NIH backs pharma giants and academics' projects to revive R&D castoffs

The NIH has advanced an ongoing effort to give castoffs from drug pipelines a new lease on development, committing $12.7 million to fund 9 collaborations between academic and pharma groups to find new treatments in areas of unmet need such as Alzheimer's disease, Duchenne muscular dystrophy and schizophrenia.

The pilot program meets at the intersection of major priorities of NIH Director Dr. Francis Collins: Repurposing pharma compounds as well as translating clinical and lab insights into badly needed therapies. His agency's initiative, dubbed Discovering New Therapeutic Uses for Existing Molecules, could shave significant time off the average 13-year period spent from discovery of a disease target to gaining approval for a drug against that target. It also aims to reduce the 95% or more failure rate of such programs.

"This unique collaboration between academia and industry holds the promise of trimming years from the long and expensive process of drug development," Collins said in a statement.

Rather than starting from scratch, the program's researchers get access to pharma compounds that have already undergone safety studies in humans. With an established safety profile for the compounds, the collaborators have a shot to develop them faster than normally possible. That's the hope, anyway. The FDA has not approved any of the experimental compounds, which drugmakers had sidelined because of business reasons or lack of efficacy in their originally intended use, said Dr. Christine Colvis, a program director for new therapeutic uses at the NIH. 
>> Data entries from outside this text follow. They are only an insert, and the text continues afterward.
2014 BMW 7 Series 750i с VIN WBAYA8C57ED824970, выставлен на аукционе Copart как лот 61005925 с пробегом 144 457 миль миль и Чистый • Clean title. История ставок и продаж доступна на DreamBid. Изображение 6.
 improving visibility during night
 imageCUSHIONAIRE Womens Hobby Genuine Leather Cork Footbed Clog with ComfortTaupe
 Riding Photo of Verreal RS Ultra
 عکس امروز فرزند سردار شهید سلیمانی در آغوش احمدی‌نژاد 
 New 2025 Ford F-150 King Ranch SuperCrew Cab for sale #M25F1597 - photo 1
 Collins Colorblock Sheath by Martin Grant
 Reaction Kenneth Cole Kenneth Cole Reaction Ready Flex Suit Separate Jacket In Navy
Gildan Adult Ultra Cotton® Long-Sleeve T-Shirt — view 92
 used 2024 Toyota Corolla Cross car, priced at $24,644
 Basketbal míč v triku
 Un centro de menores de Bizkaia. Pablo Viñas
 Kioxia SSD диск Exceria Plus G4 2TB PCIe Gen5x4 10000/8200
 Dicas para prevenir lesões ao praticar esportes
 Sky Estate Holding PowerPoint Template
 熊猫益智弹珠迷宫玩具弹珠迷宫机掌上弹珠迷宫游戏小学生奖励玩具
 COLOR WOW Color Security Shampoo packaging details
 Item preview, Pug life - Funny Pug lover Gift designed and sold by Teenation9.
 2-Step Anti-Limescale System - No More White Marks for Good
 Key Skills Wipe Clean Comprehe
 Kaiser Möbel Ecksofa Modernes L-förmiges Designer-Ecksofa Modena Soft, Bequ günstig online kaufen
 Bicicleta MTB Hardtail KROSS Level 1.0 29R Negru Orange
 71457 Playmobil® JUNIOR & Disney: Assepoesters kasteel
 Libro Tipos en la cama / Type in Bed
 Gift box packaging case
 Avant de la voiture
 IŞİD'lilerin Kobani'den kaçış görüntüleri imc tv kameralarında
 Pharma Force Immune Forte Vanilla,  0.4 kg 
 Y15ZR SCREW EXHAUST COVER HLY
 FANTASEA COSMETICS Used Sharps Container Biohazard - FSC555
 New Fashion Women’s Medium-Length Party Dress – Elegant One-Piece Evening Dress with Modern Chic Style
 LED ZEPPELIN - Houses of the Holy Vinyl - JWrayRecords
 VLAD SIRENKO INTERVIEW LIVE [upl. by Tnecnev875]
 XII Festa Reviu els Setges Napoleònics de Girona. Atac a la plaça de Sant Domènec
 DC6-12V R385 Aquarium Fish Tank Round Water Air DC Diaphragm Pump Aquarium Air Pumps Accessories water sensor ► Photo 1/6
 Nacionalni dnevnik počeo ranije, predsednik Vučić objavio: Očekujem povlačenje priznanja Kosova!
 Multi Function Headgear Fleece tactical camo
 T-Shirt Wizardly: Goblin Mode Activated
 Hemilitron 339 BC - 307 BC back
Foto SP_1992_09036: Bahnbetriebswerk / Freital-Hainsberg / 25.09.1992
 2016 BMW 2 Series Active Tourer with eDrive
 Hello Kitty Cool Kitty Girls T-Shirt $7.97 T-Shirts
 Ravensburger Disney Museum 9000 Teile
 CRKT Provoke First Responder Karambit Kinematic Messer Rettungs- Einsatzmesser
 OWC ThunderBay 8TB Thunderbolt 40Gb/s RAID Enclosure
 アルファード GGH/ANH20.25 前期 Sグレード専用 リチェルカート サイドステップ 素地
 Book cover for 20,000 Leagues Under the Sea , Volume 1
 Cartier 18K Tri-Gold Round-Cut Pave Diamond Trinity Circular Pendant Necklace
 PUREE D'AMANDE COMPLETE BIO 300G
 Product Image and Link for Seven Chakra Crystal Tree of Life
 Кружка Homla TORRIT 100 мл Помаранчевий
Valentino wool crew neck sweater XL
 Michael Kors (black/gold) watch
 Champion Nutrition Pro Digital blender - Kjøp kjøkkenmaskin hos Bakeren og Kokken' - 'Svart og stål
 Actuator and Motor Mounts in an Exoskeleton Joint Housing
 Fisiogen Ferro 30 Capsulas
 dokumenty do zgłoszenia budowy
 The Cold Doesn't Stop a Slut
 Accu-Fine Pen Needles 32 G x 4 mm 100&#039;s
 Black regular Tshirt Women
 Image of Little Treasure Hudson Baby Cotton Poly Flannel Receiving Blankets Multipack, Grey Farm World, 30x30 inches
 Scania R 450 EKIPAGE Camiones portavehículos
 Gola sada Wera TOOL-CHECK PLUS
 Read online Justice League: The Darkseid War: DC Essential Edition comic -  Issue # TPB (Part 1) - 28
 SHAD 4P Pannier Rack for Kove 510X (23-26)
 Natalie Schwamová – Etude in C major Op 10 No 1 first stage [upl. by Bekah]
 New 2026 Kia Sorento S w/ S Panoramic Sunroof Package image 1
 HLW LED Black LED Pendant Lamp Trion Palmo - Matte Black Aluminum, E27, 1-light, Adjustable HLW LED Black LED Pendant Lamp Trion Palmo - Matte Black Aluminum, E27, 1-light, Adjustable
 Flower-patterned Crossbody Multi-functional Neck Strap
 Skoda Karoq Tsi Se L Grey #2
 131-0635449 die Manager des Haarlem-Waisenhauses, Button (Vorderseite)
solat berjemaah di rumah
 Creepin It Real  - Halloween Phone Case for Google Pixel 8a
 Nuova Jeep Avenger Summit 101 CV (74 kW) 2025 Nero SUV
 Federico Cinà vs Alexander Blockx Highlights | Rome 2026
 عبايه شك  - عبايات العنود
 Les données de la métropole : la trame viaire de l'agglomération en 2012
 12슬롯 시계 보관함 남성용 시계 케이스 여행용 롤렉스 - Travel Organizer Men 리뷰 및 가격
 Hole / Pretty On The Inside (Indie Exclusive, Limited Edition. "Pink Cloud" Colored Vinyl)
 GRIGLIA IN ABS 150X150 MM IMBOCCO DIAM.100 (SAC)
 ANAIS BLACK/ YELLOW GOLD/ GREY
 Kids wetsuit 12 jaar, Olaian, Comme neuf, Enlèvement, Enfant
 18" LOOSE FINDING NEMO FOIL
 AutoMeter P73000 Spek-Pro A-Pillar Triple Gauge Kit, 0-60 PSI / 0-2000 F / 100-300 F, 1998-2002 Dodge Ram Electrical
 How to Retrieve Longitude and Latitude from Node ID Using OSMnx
Big Pharma companies have scrambled to find ways to make drug development faster and cheaper, without much success.

Eight large drug companies have signed on for the pilot phase of the NIH's existing-drug research initiative, including AbbVie ($ABBV), AstraZeneca ($AZN), Bristol-Myers Squibb ($BMY), Eli Lilly ($LLY), GlaxoSmithKline ($GSK), Johnson & Johnson ($JNJ) Janssen Research & Development, Pfizer ($PFE) and Sanofi ($SNY).

Pfizer, for example, has joined forces with Dr. John Krystal of Yale University under the NIH-funded initiative to research GlyT1 inhibition for treating cognitive impairment in schizophrenics. Also, Sanofi is collaborating on a program for the muscle-wasting disorder Duchenne muscular dystrophy with investigators from the University of Washington in Seattle and Baltimore's Kennedy Krieger Institute. And AstraZeneca has teamed up with Yale researchers to study a compound called AZD0530 as a Fyn kinase inhibitor for treating Alzheimer's disease.

In all, the program focuses on 8 disease areas where vast divides lie between the needs of patients and available therapies. The NIH has agreed to support the collaborations for up to three years, giving the industry-academic teams time to complete Phase IIa trials to gain initial signs of efficacy. The NIH would then step aside and leave funding of late-stage trials up to the collaborators, Colvis said.

If the proof-of-concept studies are successful "we're hoping that the companies are going to be interested enough… that they would carry it into Phase III trials," Colvis told FierceBiotech in an interview. "But if they won't, it should be in the agreement with the [academic] investigator that the investigator can license from the company… and work with a third party to do further development."

This program is itself part of Collins' experiment at the NIH, which is known for funding a lot of basic research, to see how well the agency can support cost-effective drug development. In a few years, there could be some interesting results.